The Pope asserted that “there is not enough desire for peace. War is terrible and we must shout this out. That’s why I published a book with Solferino”, a publishing house associated with the Corriere della Sera. The book’s subtitle is The courage to build peace. “When I met Orban”, the Holy Father continued, “he told me that the Russians have a plan, that on 9 May everything will end. I hope so. That would explain the speed of the escalation of these days. Because now it’s not just the Donbas, it’s Crimea, it’s Odessa, it’s taking away the Black Sea port from Ukraine, it’s everything. I am pessimistic, but we must make every possible gesture to stop the war”.
The focus then shifted to Italy, which according to the Pontiff, “is doing good work. The relationship with Mario Draghi is good, very good. Already in the past, when he was at the European Central Bank, I had asked him for advice. He is a direct and simple person. I admired Giorgio Napolitano, who is great, and now I have high regard for Sergio Mattarella. I gave great respect for Emma Bonino. I do not share her ideas, but she knows Africa better than anyone here. To this woman I say, ‘chapeau’”.

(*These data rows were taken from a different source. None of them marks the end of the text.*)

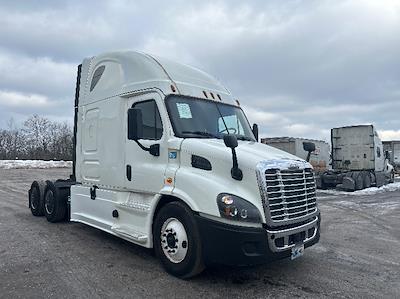 Used 2019 Freightliner Cascadia - photo 1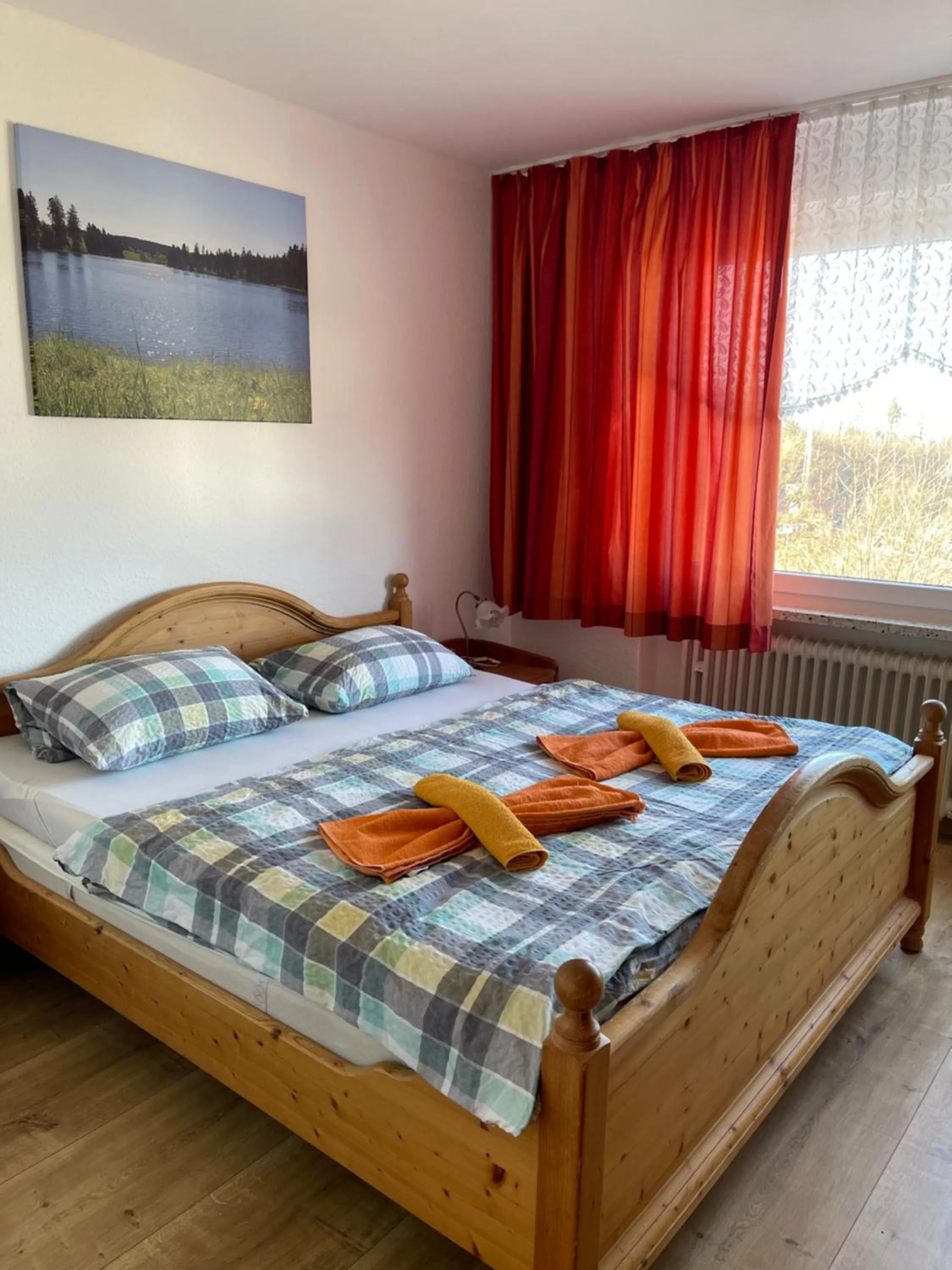 Bed in Naturkost-Hotel Harz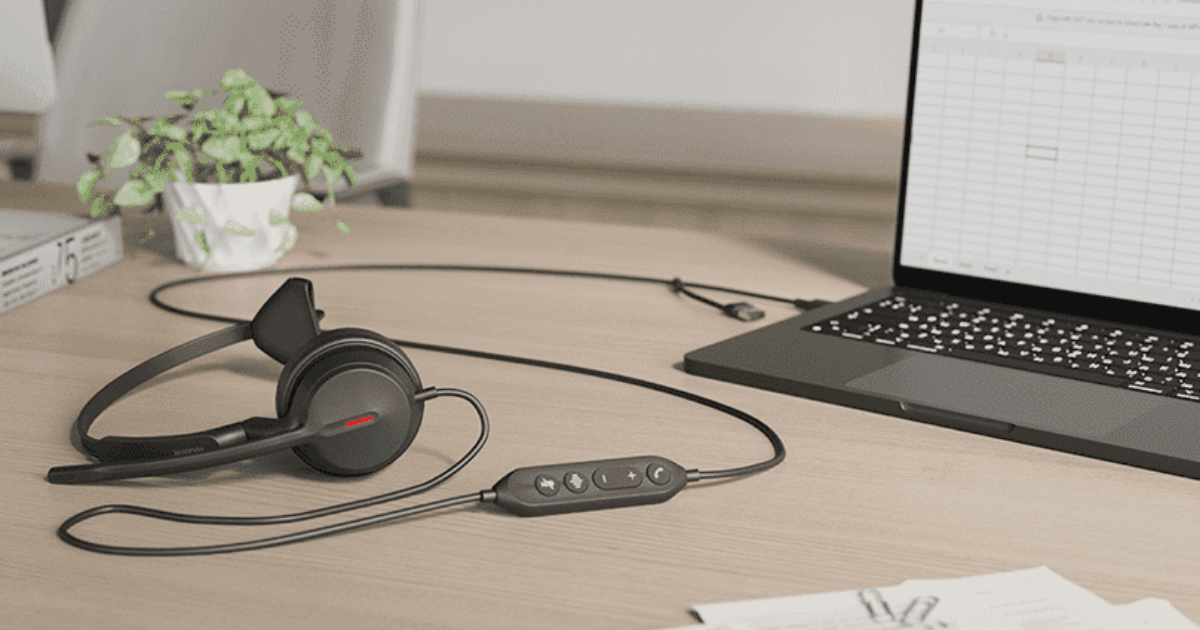 Tai nghe Yealink UH44 Mono tích hợp cụm đèn báo bận Busylight 360 độ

And regarding changes in the Italian Church, Pope Francis commented: “I have often found a pre-conciliar mentality disguised as a conciliar one. In countries like Latin America and Africa it was easier. It’s more difficult in Italy. There are good priests, good parish priests, good nuns, good lay people. For example, one of the things I’m trying to do to renew the Italian Church is not to replace the bishops too often. Cardinal Gantin used to say that a bishop is a Spouse of the Church, every bishop is a Spouse of the Church until his death. When there is a habit it is good. That’s why I try to appoint priests, as I have done in Genoa, in Turin, in Calabria. I believe this is the path of renewal for the Italian Church. Now at the next assembly the new President of the Italian Bishops’ Conference ( cei ) will be chosen; I’m trying to find someone who is willing to make significant changes. Personally, I would prefer it to be a Cardinal, someone authoritative. And that he would have the possibility of choosing the secretary; that he can say, ‘I want to work with this person’”. Maybe that’s why the Holy Father’s last thought was for the late Jesuit Cardinal Carlo Maria Martini. He was the Archbishop of Milan from 1979 to 2002, and died in 2012. Pope Francis reread a “perfect” article written by Martini after 11 September 2001 on terrorism and war. “It is so relevant today that I asked that it be reprinted on the daily L’Osservatore Romano”. He encouraged newspapers to continue “to investigate reality, to narrate it. It is a service to the country for which I will always thank you”, he concluded.
The interview began with a phrase that, unfortunately, has come up a lot in recent days: “Forgive me if I cannot stand to greet you, the doctors told me I have to remain seated because of my knee,” he said, explaining: “I have a torn ligament; I will have an operation with the infiltrations, and we will see. I’ve been like this for some time, I can’t walk. There was a time when popes moved around on the gestatorial chair. A little bit of pain, of humiliation are also necessary”.